Бородатый Солдат — новый облик Павла Власова и машиниста Нила из «Мещан». Это они ещё в самом начале века заявили во всеуслышание: «Хозяин в стране тот, кто работает!»
В пьесе «Сомов и другие» на сцену выведены те, кто противостоит настоящим Хозяевам земли русской. Эта человеческая шваль — величайшая беда России. Русскую революцию готовили Павел Власов (со своей матерью Ниловной), а на вершине власти потрясённая страна вдруг увидела Янкеля Свердлова и Лейбу Троцкого, их срамные хари, похожие на лобки ведьм. Россия под их безжалостным владычеством захлебнулась кровью. Однако «есть, есть Божий суд, наперсники разврата!». И явился «Грозный Судия» в облике несостоявшегося православного священника, воспитанника Тифлисской духовной семинарии. И началось долгожданное возмездие.
Действие пьесы «Сомов и другие» завершается тем, что появляются агенты ОГПУ и арестовывают всю ораву вредителей, ненавистников России.
Пока что угадываются мотивы первых судебных процессов вредителей: «Шахтинское дело», процесс «Промпартии».
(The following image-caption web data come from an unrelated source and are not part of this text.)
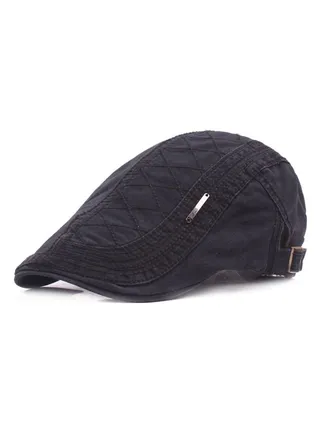 Cotton Beret British Retro Cap Adjustable Black 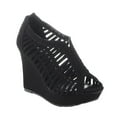 thumbnail image 2 of Top Moda Denver-1 Women's Bird Cage Gladiator Wedge Heel Sandals Platform Shoes Black 6.5, 2 of 5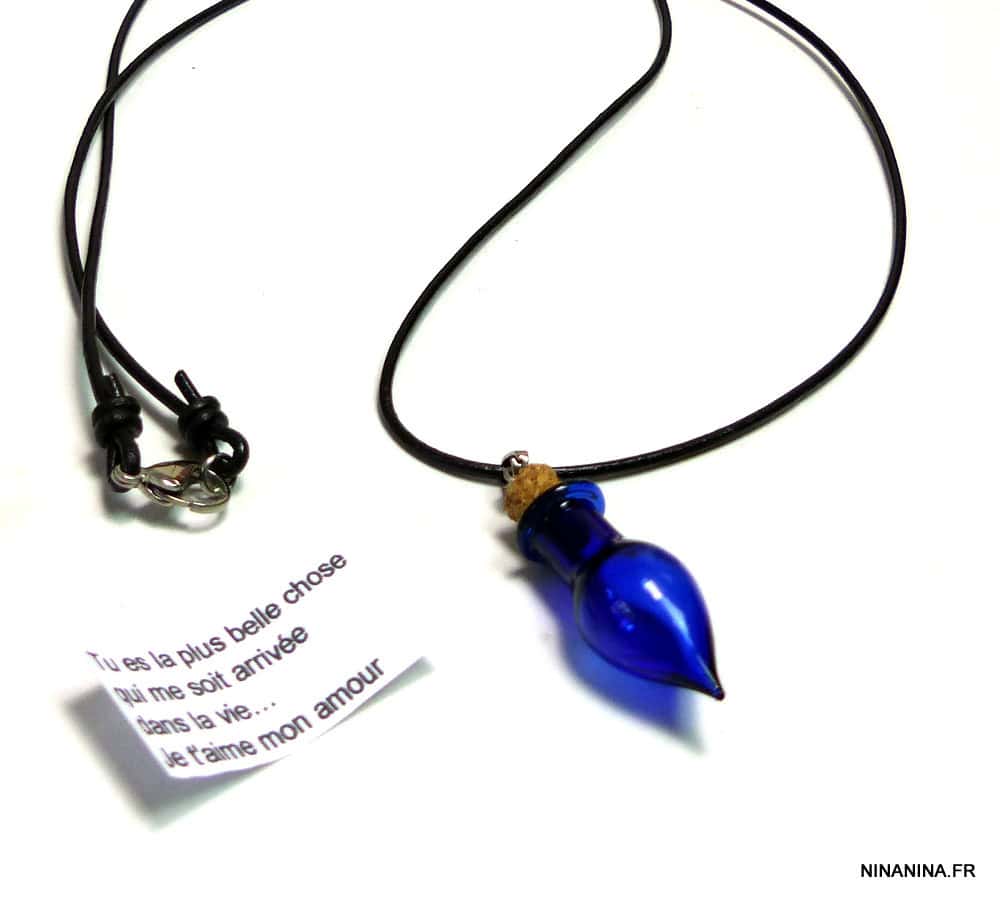 Collier cordon cuir message fiole de verre bleue – Image 3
Для самого решительного очищения время еще не настало…
В 1918 году, спустя неделю после зверского расстрела царской семьи, появился устрашающий декрет об антисемитизме. Населению Республики Советов запрещалось даже упоминать о тех, кто совершил такую кровавую расправу в ипатьевском подвале. Леденящее дыхание декрета ощущалось долго. Расстрельная пуля ожидала всякого, кто посмел бы косо глянуть на еврея.
Официального извещения об отмене страшного декрета не публиковалось. Однако его удавье влияние на обывателя понемногу ослабевало, а после падения Зиновьева и разгрома путча Троцкого как бы само собой сошло на нет.
Алексей Максимович, вернувшись на Родину, попал в обстановку, к которой требовалось приглядеться. Недавние захватчики, победительные, горделивые, надутые спесью, обильно осыпались с верхних этажей и столь же обильно концентрировались в подвальных помещениях большого государственного дома. Они находили себе места в разнообразных учреждениях культуры, в издательском мире, в системе высшего образования. Кроме того, проигравших с распростёртыми объятиями принимали такие привилегированные организации, как Общество старых большевиков и Общество бывших каторжан и ссыльных. Там постаревшие, потерявшие зубы троцкисты и зиновьевцы попрекали один другого в былом оппортунизме, скорбели о крушении своих кумиров, а все вместе исходили злобой к «корявому Оське», к уплывшей из их рук России и к русскому народу, не принявшему их руководство.